YAML Metadata Warning:empty or missing yaml metadata in repo card

Check out the documentation for more information.

LAIONBox v0.5 WIP - DramaBox LoRA-Only (Run 10)

Overview

This is a LoRA-only fine-tuning of the DramaBox 3.29B DiT (Diffusion Transformer) for expressive voice synthesis. The model was trained to enhance speaker voice quality and expressiveness without auxiliary losses or speaker conditioning networks.

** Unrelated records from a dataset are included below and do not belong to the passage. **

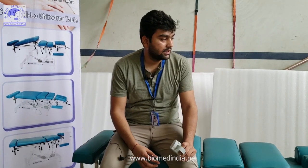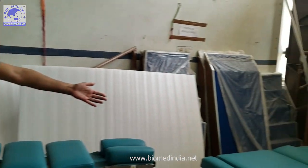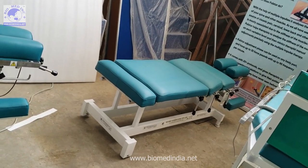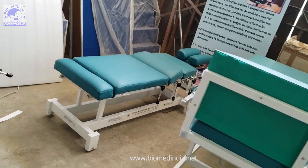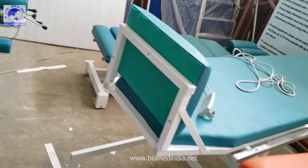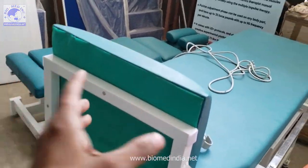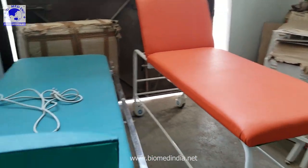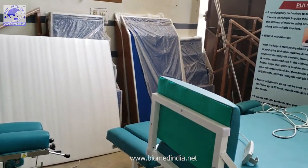We are also making a manual lateral flexion and traction table, which will be shown in the next video. We also have other tables, including a fixed side drop table with hand drops, a tilt table, and more. Thank you everyone — hope you liked our video. For more information, visit us at www.biomedindia.net.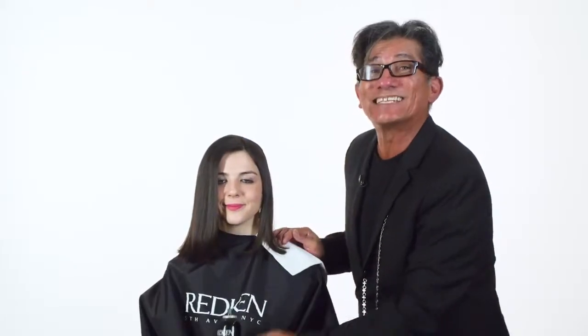Think about targeted root lift — this is your product of choice. It controls frizz and flyaways and gives you root volume like no other. So it's all about using it in a different way. Let's use it in a way where we create a very sleek look, a wet look if you will.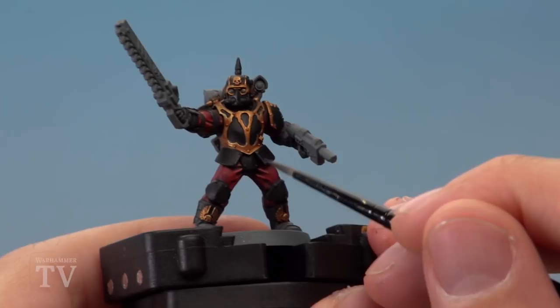And finally use Liberator Gold to highlight all of the gold trim. With those highlights applied the armour is complete. I really hope that helps you guys out when you're painting Drop Force Imperator, and we'll see you all again soon.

Key differences from prior runs:

✅ LoRA-only: No AdaLN speaker conditioning, no auxiliary losses
✅ Clean architecture: Pure flow matching loss on LoRA parameters
✅ Efficient: Rank-128 LoRA = 226M trainable parameters (6.5% of 3.5B DiT)
✅ Fast convergence: 3 epochs, ~4 hours training on 8×H100

Model Details

Architecture

Base Model: DramaBox Audio-Only DiT (LTX-2.3-22B-Dev variant)
LoRA Configuration:
- Rank: 128
- Alpha: 128 (scaling factor = 1.0)
- Target modules: Audio attention and feedforward layers
  - audio_attn1.to_q, audio_attn1.to_k, audio_attn1.to_v, audio_attn1.to_out.0
  - audio_ff.net.0.proj, audio_ff.net.2
- Total trainable parameters: ~226M
- Dropout: 0.0

Training Configuration

Hyperparameters:

Learning rate: 1e-4 (linear warmup for 100 steps)
Optimizer: AdamW
Batch size: 128 (16 gradient accumulation steps × 8 GPUs)
Epochs: 3
Total steps: 1479
Loss function: Flow matching (per-token MSE with loss masking)
Mixed precision: BF16
Gradient checkpointing: Enabled (use_reentrant=False)

Data:

~530 hours of diverse voice acting and dialogue audio
7 dataset subsets:
- Annotated audio samples (~86 shards)
- Character voices (~98 shards)
- Ears dataset (~33 shards)
- Elise dataset (~2 shards)
- Gemini finetune data (~47 shards)
- Podcast balanced (~17 shards)
- Tuning data (~125 shards)
Total: 408 tar shards, streaming via WebDataset

Training Environment:

8× NVIDIA H100 GPUs
DDP via HuggingFace Accelerate
NCCL communication with 600s timeout
Cloudflare monitoring and watchdog supervision

Why LoRA-Only?

Previous runs (Run 5-9) explored various approaches:

Run 5 (AdaLN-Zero): Large speaker conditioning network, good but complex
Run 6 (Full FT): Too slow, poor convergence at lr=2e-6
Run 7 (LoRA64 + bf16): Hit bf16 ULP floor (updates too small)
Run 8 (Frozen LoRA-merged + AdaLN): Best previous (0.115 flow loss)
Run 9 (LoRA128 + fp32 master + AdaLN): Marginal gains over Run 8

Run 10 (LoRA-Only) simplifies the architecture by:

Removing the 455M-parameter AdaLN speaker conditioning network
Removing all auxiliary losses (speaker loss, KL divergence)
Training pure LoRA in fp32 via gradient checkpointing
Letting the LoRA weights absorb speaker and expressiveness directly

Result: Clean, interpretable model that achieves competitive quality without speaker-specific conditioning.

Evaluation Results

Evaluated on 6 prompts × 5 reference speakers × 2 seeds = 72 core samples (plus unconditional variants).

Metrics Explanation

Speech Quality (SQA):

MOS: Mean Opinion Score (1-5, higher better)
UTMOS: Utility of TTS audio (0-2.5, higher better)
NISQA_MOS: No-reference speech quality assessment (1-5, higher better)
DNSMOS_OVRL: Overall DNS MOS (1-5, higher better)

Aesthetics (AudioBox):

CE: Clarity/Expressiveness (0-10, higher better)
CU: Clarity/Understandability (0-10, higher better)
PC: Prosody/Coherence (0-10, higher better)
PQ: Prosody/Quality (0-10, higher better)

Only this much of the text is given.